:: WHAT THIS TASK INVOLVES ::
Give back each entry word for word, but drop the images.

RECORDED DATA Start Marker

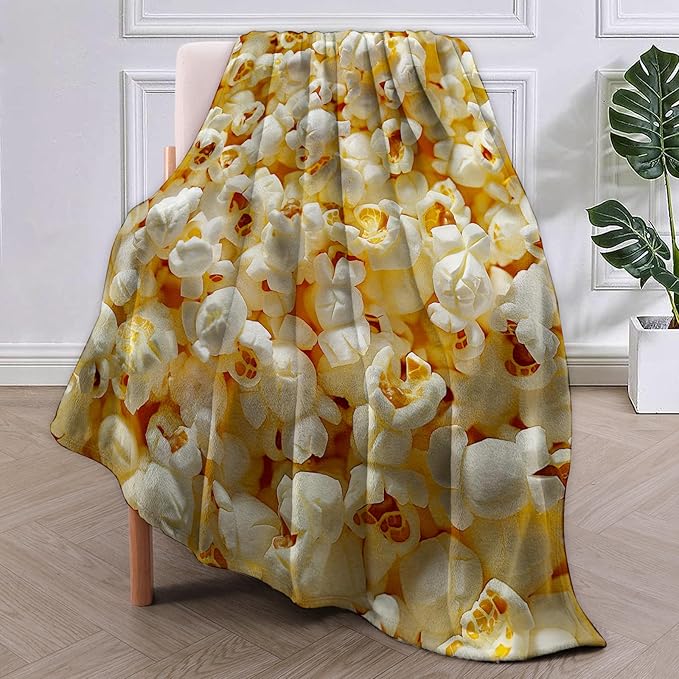 Popcorn Movie Blanket Gifts for Women Girls Adults Kids Soft Warm Lightweight Cozy Movie Theme Cinema Popcorn Throw Blankets for Bed Sofa Couch Living Room Decor 50x40in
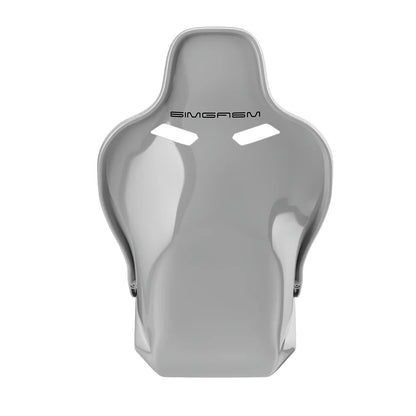 Rear view showing black trim on the white-shell SIMGASM Atlas Formula seat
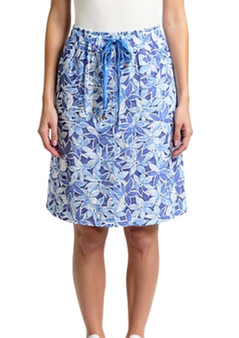 Cafe Latte Printed Skirt (#CLM565) in Blue Floral Print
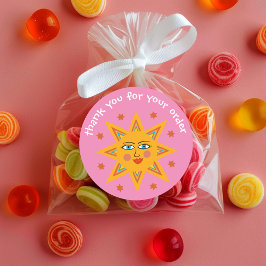 Pegatina Redonda "Gracias por tu pedido" Personalizado amable Sun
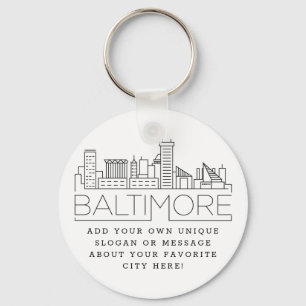 Baltimore Stylized Skyline  Aangepaste slogan Sleutelhanger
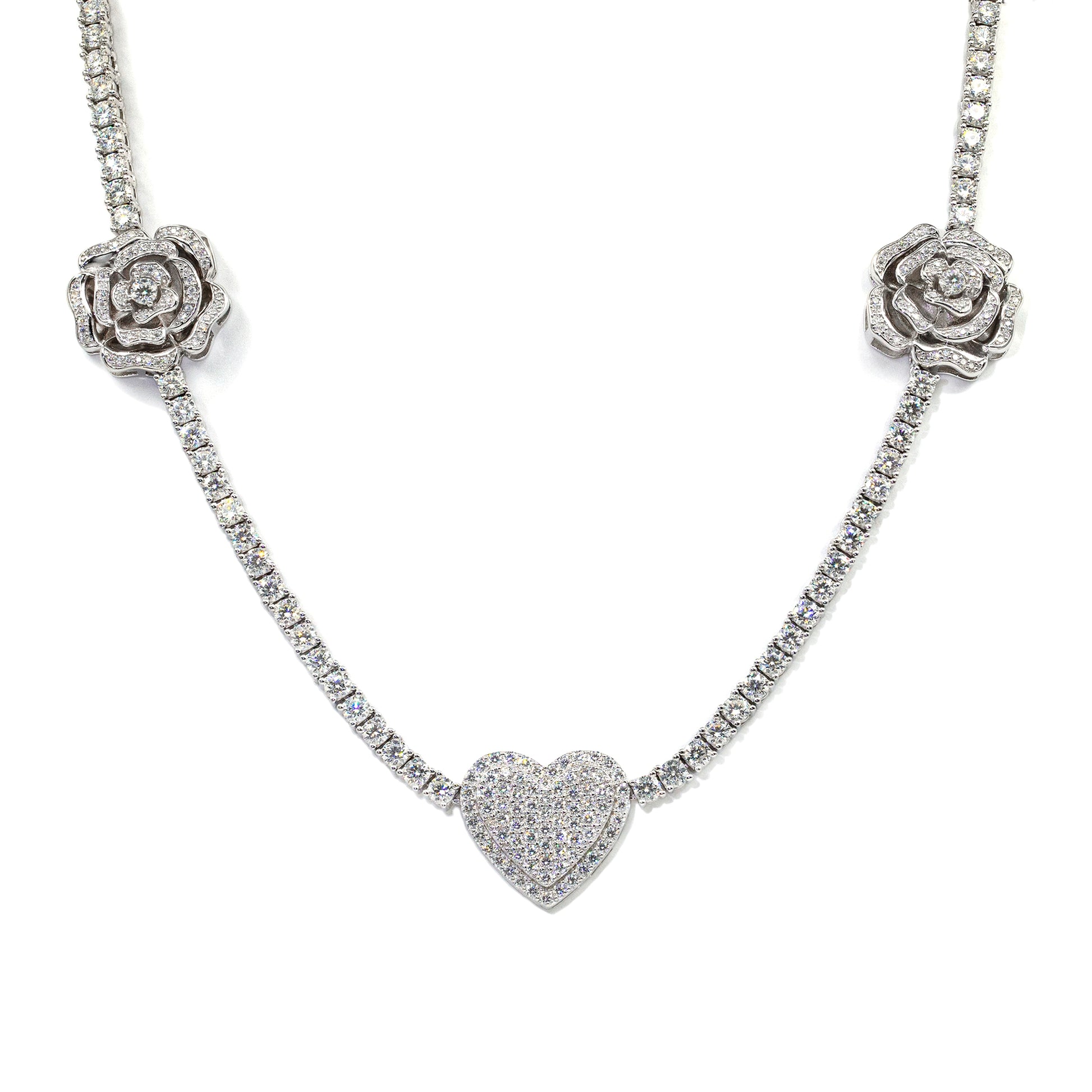 925 Silver Set Moissani Hip-hop Personalized Rose Necklace - enhanced image 2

RECORDED DATA End Marker

:: EXERCISE OUTPUT ::
 Popcorn Movie Blanket Gifts for Women Girls Adults Kids Soft Warm Lightweight Cozy Movie Theme Cinema Popcorn Throw Blankets for Bed Sofa Couch Living Room Decor 50x40in
 Rear view showing black trim on the white-shell SIMGASM Atlas Formula seat
 Cafe Latte Printed Skirt (#CLM565) in Blue Floral Print
 Pegatina Redonda "Gracias por tu pedido" Personalizado amable Sun
 Baltimore Stylized Skyline  Aangepaste slogan Sleutelhanger
 925 Silver Set Moissani Hip-hop Personalized Rose Necklace - enhanced image 2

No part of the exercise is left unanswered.